[TO DO]: A line containing "Bursa Büyükşehir Belediyesi'nden" appears in the material below. Return exactly every line from the first through that one, and only those.

[RECORD SET]:
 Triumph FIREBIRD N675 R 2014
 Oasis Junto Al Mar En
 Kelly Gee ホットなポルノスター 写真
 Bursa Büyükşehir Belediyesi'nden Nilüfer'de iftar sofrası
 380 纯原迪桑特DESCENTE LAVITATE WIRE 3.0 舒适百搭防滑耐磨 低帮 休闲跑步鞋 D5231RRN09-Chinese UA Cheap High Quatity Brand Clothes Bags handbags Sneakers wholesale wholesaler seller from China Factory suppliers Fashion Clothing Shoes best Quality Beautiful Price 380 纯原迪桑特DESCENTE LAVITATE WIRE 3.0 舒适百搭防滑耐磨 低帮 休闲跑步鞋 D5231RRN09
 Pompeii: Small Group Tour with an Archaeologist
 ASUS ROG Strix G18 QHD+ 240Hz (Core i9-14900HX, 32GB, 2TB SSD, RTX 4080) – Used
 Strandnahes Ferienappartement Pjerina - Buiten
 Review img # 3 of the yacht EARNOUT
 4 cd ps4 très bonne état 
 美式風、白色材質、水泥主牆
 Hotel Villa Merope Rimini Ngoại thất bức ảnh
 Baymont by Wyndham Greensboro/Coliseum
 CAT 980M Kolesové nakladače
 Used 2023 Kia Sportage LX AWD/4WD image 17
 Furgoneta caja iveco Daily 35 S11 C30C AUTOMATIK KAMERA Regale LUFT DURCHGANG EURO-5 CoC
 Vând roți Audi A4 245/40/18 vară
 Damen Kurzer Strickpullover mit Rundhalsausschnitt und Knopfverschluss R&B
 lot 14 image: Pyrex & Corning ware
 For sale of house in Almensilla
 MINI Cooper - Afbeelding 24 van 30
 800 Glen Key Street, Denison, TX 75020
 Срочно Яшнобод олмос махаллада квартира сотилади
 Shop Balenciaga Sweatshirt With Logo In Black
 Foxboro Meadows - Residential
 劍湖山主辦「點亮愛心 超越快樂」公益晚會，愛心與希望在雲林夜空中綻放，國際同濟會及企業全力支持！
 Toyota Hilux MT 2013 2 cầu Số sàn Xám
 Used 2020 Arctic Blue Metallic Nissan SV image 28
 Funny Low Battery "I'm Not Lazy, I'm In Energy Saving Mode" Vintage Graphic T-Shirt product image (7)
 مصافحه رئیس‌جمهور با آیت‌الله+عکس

[OUTPUT FOR THIS TASK]:
 Triumph FIREBIRD N675 R 2014
 Oasis Junto Al Mar En
 Kelly Gee ホットなポルノスター 写真
 Bursa Büyükşehir Belediyesi'nden Nilüfer'de iftar sofrası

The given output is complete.